Lines from the one containing "Young children in classroom" through the end of the data below are to be transcribed exactly; leave out all others.

Extracted data entries:
=======

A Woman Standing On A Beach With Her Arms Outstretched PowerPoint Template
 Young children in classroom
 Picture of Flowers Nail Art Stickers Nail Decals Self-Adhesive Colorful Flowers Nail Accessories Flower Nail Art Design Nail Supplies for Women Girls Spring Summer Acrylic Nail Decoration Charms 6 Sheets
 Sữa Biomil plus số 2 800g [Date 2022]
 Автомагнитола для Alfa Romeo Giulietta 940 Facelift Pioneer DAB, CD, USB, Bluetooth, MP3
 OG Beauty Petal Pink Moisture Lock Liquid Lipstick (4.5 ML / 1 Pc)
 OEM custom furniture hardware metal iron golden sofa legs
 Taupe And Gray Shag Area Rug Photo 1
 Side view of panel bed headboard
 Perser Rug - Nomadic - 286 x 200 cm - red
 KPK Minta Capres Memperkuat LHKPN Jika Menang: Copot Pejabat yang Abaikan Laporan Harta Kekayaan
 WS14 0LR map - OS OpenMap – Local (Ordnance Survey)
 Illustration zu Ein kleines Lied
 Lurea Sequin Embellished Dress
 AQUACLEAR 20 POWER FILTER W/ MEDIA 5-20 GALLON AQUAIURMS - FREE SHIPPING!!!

=======

Reply to the task =>
 Young children in classroom
 Picture of Flowers Nail Art Stickers Nail Decals Self-Adhesive Colorful Flowers Nail Accessories Flower Nail Art Design Nail Supplies for Women Girls Spring Summer Acrylic Nail Decoration Charms 6 Sheets
 Sữa Biomil plus số 2 800g [Date 2022]
 Автомагнитола для Alfa Romeo Giulietta 940 Facelift Pioneer DAB, CD, USB, Bluetooth, MP3
 OG Beauty Petal Pink Moisture Lock Liquid Lipstick (4.5 ML / 1 Pc)
 OEM custom furniture hardware metal iron golden sofa legs
 Taupe And Gray Shag Area Rug Photo 1
 Side view of panel bed headboard
 Perser Rug - Nomadic - 286 x 200 cm - red
 KPK Minta Capres Memperkuat LHKPN Jika Menang: Copot Pejabat yang Abaikan Laporan Harta Kekayaan
 WS14 0LR map - OS OpenMap – Local (Ordnance Survey)
 Illustration zu Ein kleines Lied
 Lurea Sequin Embellished Dress
 AQUACLEAR 20 POWER FILTER W/ MEDIA 5-20 GALLON AQUAIURMS - FREE SHIPPING!!!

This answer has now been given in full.